Groß und wunderbar sind deine Taten, Herr und Gott, du Herrscher über die ganze Schöpfung. Gerecht und zuverlässig sind deine Wege, du König der Völker. (Offenbarung 15,3)

Liebe Leserin, lieber Leser,

Gott, der Herr, als Herrscher und König - kann man das heute noch so sagen? Bei uns in Deutschland gibt es seit 102 Jahren keine gekrönten Staatsoberhäupter mehr und wenigsten in Westeuropa seit 77 Jahren auch keinen Diktator und "Führer". Bei uns wird nicht mehr befohlen, sondern debattiert, abgestimmt und gewählt.

Das hat mich schon vor 60 Jahren beschäftigt. Für Jesus hatte ich einen modernen Titel gefunden: nicht "Herr", sondern "Chef". Schließlich ist ja Er mein oberster Vorgesetzter, Er, nicht der Kirchenpräsident, Propst oder Dekan, und das war er schon, bevor ich Pfarrer wurde. Jesus trug sogar Königstitel und Krone - aber nur am Kreuz und als Dornenkrone. Er w a r kein Staatsoberhaupt und wollte auch keins sein.
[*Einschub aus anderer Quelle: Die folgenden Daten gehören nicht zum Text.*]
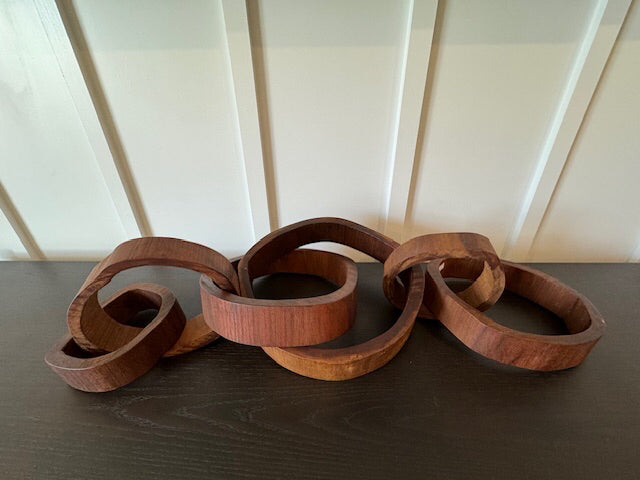Oversized wooden chain link, rust color, sculpture, 39â€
Und genauso können wir Gott verstehen, nicht als König und Herrscher, auch nicht als "Großen Vorsitzenden" oder Präsidenten, sondern als oberste Autorität oder als höchsten Wert. Ich erkläre das erste Gebot "Du sollst keine anderen Götter haben" so: "Du sollst nur das als den höchsten Wert anerkennen, was mit der Liebe zu vereinbaren ist."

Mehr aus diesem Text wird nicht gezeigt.